[Data block]
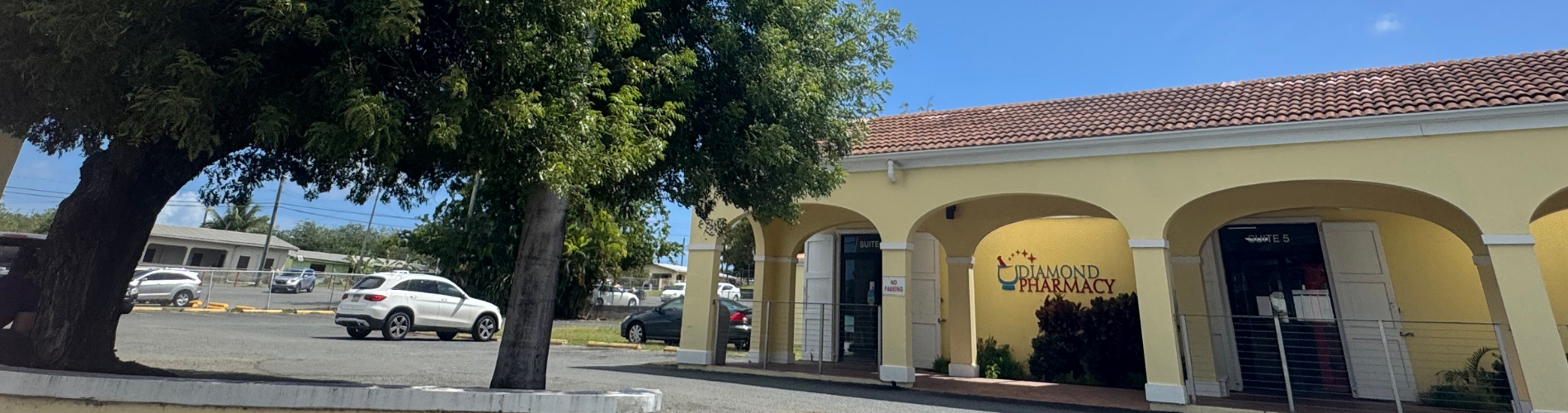 Diamond Pharmacy VI
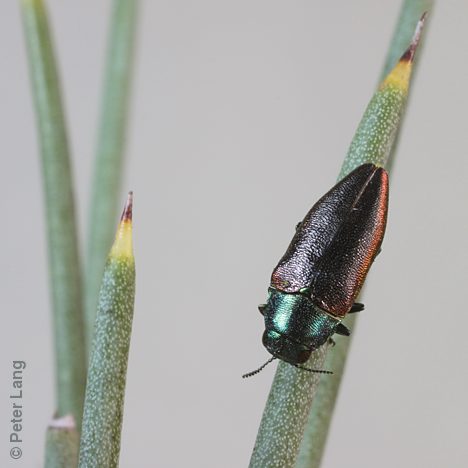 Stanwatkinsius grevilleae, PL1502, male, on Hakea cycloptera, EP, 6.7 × 2.7 mm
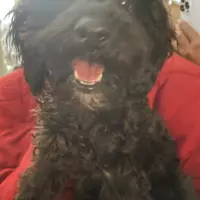 ryoung YARELI  andIVY (ryoungandivy)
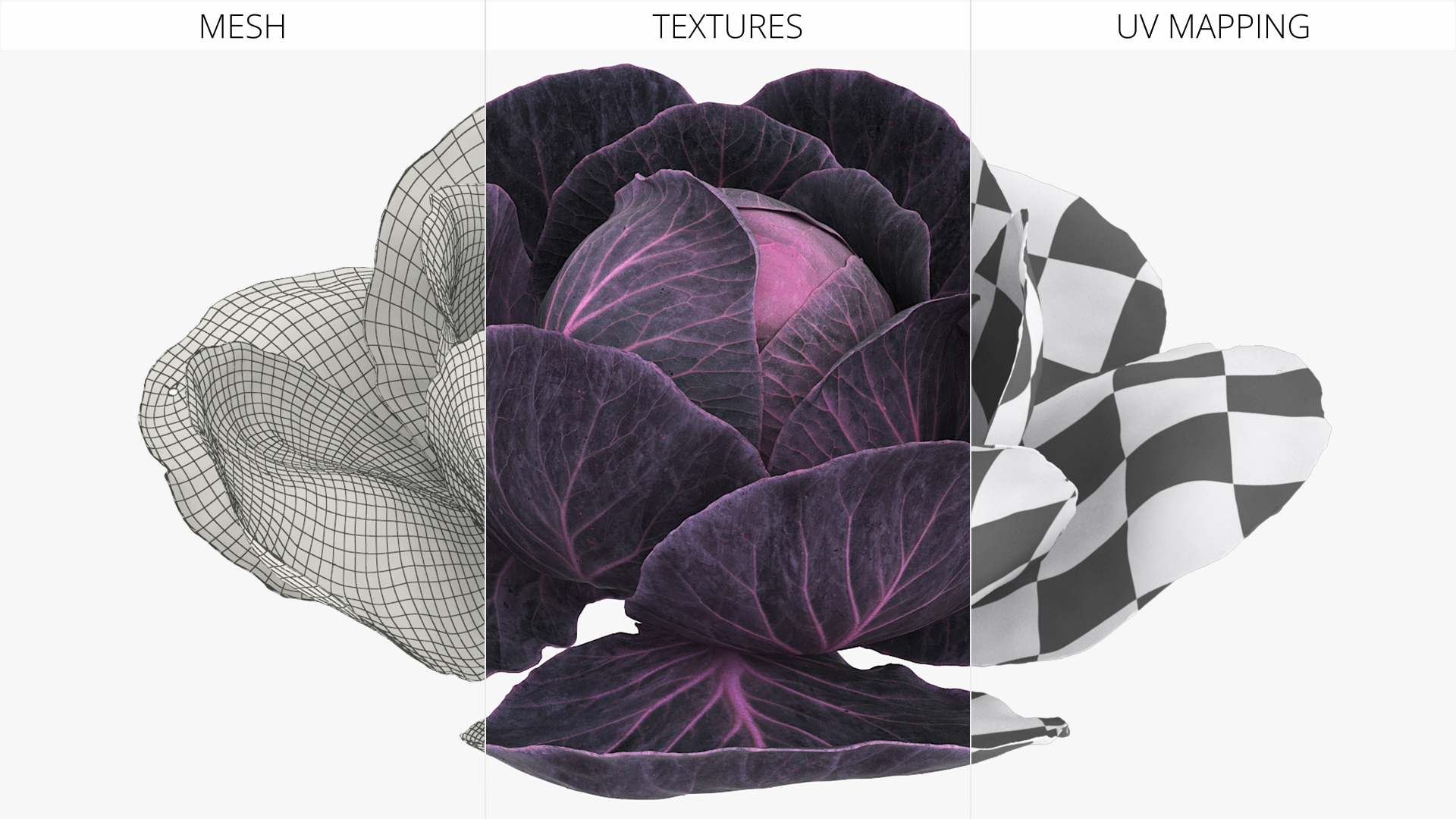 Leafy Cabbage Head Purple Dark - view 4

[Task brief]
In your copy, include no pictures; print every line above exactly.

[Result]
 Diamond Pharmacy VI
 Stanwatkinsius grevilleae, PL1502, male, on Hakea cycloptera, EP, 6.7 × 2.7 mm
 ryoung YARELI  andIVY (ryoungandivy)
 Leafy Cabbage Head Purple Dark - view 4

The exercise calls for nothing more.